We will now consider sequences where a multiple of the last term is combined with the second last term to be alternately reversed with the same multiple of the second last term to be combined with the last.
The simplest case is where (starting with 0, 1) we combine twice the last term with the second last term and then alternately combine twice the second last with the last term.
This leads to the following sequence
0, 1, 2, 4, 10, 18, 46, 82, 210, 374, 958, 1706, 4370,….
Again this leads to two ratios emerging
The larger is approximated best here by 4370/1706 = 2.5615…
The smaller is approximated by 1706/958 = 1.7807..
There is a simple relationship as between these two ratios in that the larger (2.5615) = 2*1.7807. - 1.
Now the square of 2,5615... = 6.5615…
Therefore k(squared) = k + 4.
This enables us to solve the value of k from the equation k2 - k - 4 = 0 =
(square root of 17 + 1)/2
This in turn enables us to solve the smaller ratio as approximately =
(square root of 17 + 3)/4
This smaller root is the solution to the equation 2x2 - 3x - 1 = 0.
If we take the general equation ax2 - bx - c = 0, then this equation will give the solution approximating to the smaller ratio where the multiple used in these rotating sequences is a. (In this case this is 2).
Now if x is this smaller ratio then the larger ratio is ax - (b - a).
Thus in this case a = 2 and (b - a) = (3 - 2) = 1.

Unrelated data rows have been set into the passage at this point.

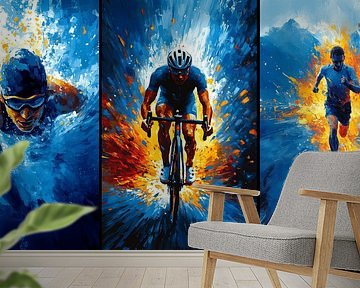 Kraft und Feuer: Triathlon in Bewegung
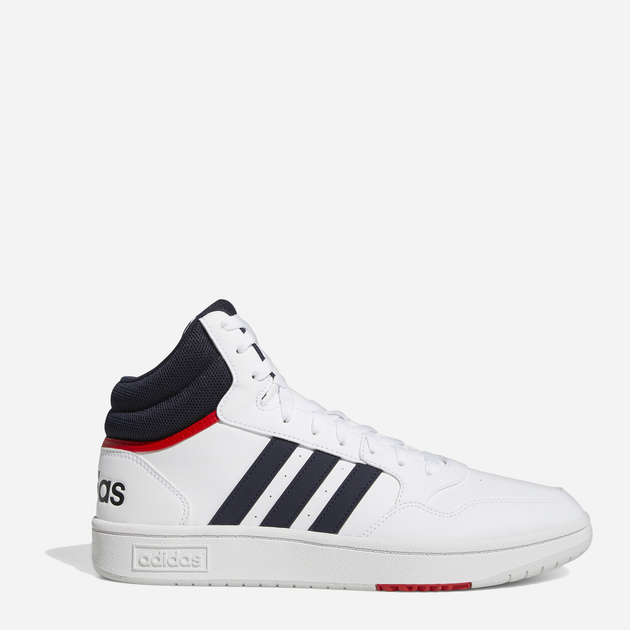 Trzewiki męskie wysokie sznurowane Adidas Hoops 3.0 Mid GY5543 48 Białe (4064053694261) - obraz 1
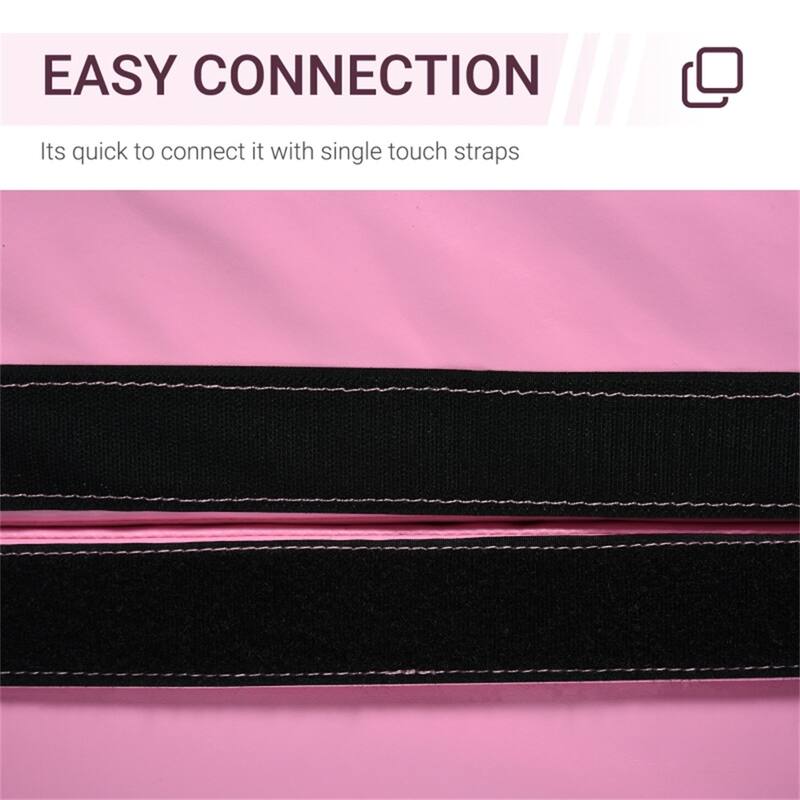 Round Foldable Dance Mat Extra Thick Foam Heavy-Duty PVC Cover Waterproof Portable Exercise Floor Mat Universal Pole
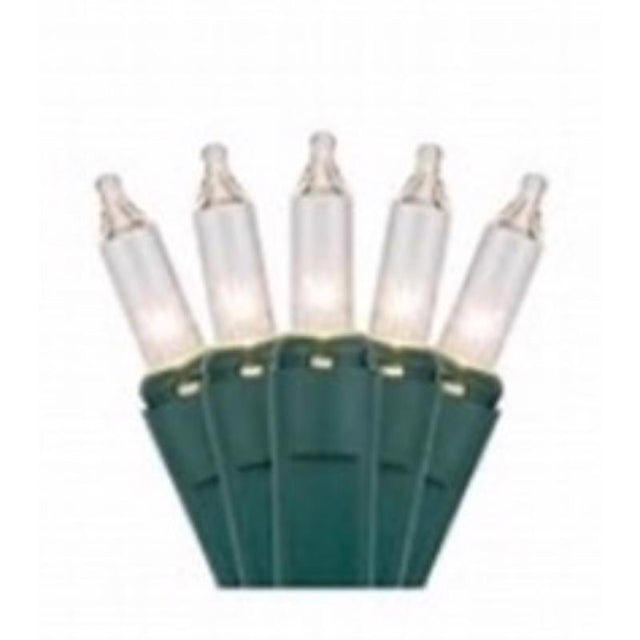 Celebrations Incandescent T5 Clear 5 ct Replacement Christmas Light Bulbs, Pack of 8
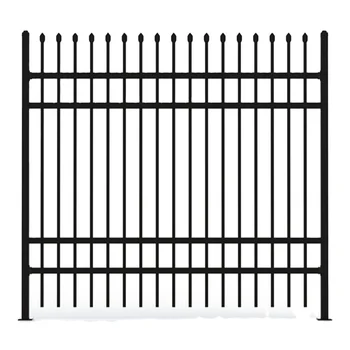 Tubular Steel Security Fence Panels Powder Coated Metal Frame for Driveway Gates Farm Fences Fence Accessories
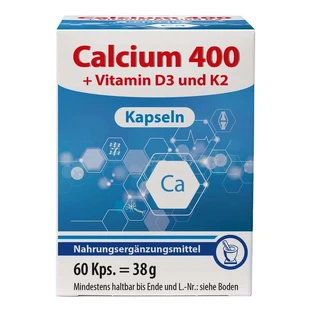 Calcium 400 + Vitamine D3 + K2 60 St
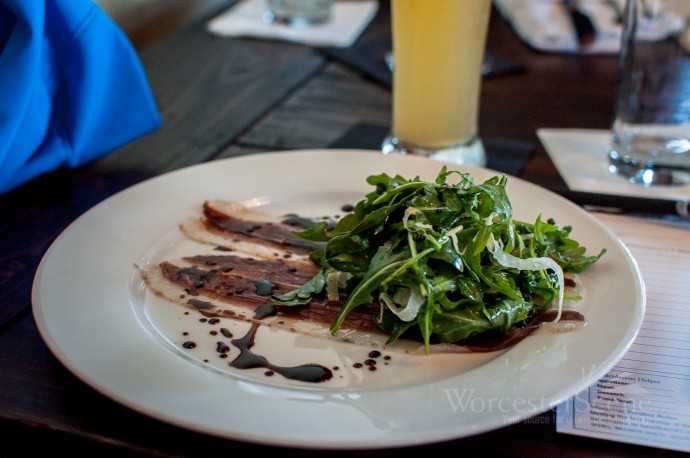 Duck Prosciutto from Volturno on Shrewsbury Street in Worcester, MA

Therfore the larger ratio is 2 (1.7807..) - 1 - 2.5615…
In these sequences, the value of a = the (rotating) multiple used. b = 2a - 1, and c = 1, which gives the general equation that provides the solution approximating the value of the smaller ratio.
The larger ratio once again is then given by ax - (b - a).
Therefore the equation to approximate the value of the smaller ratio where the rotating multiple used is 3, is 3x2 - 5x - 1 = 0
Thus the positive value of x = (5 + square root of 37)/6 = 1.847127…
The smaller ratio will therefore approximate this value.
The larger ratio will approximate the value of 3x - (5 - 3) = 3*1.847127 - 2 = 3.541381…
Now the corresponding rotating sequence is obtained (starting with 0, 1) by combining 3 times the last term with the second last, and then alternately 3 times the second last with the last.
This results in the following series of values
0, 1, 3, 6, 21, 39, 138, 255, 903, 1668, 5907, 10911,…
The smaller ratio is approximated here by 10911/5907 = 1.84713… (which is the value for x correct to 5 decimal places!)
The larger ratio is approximated by 5907/1668 = 3.54136... (which is correct to 4 decimal places).
So we can give a perfectly general solution for the solution of ratios in all these cases where rotating multiples of terms are combined with a (single) previous term.
More complex explanations result from combining (alternating) rotating multiples of both terms.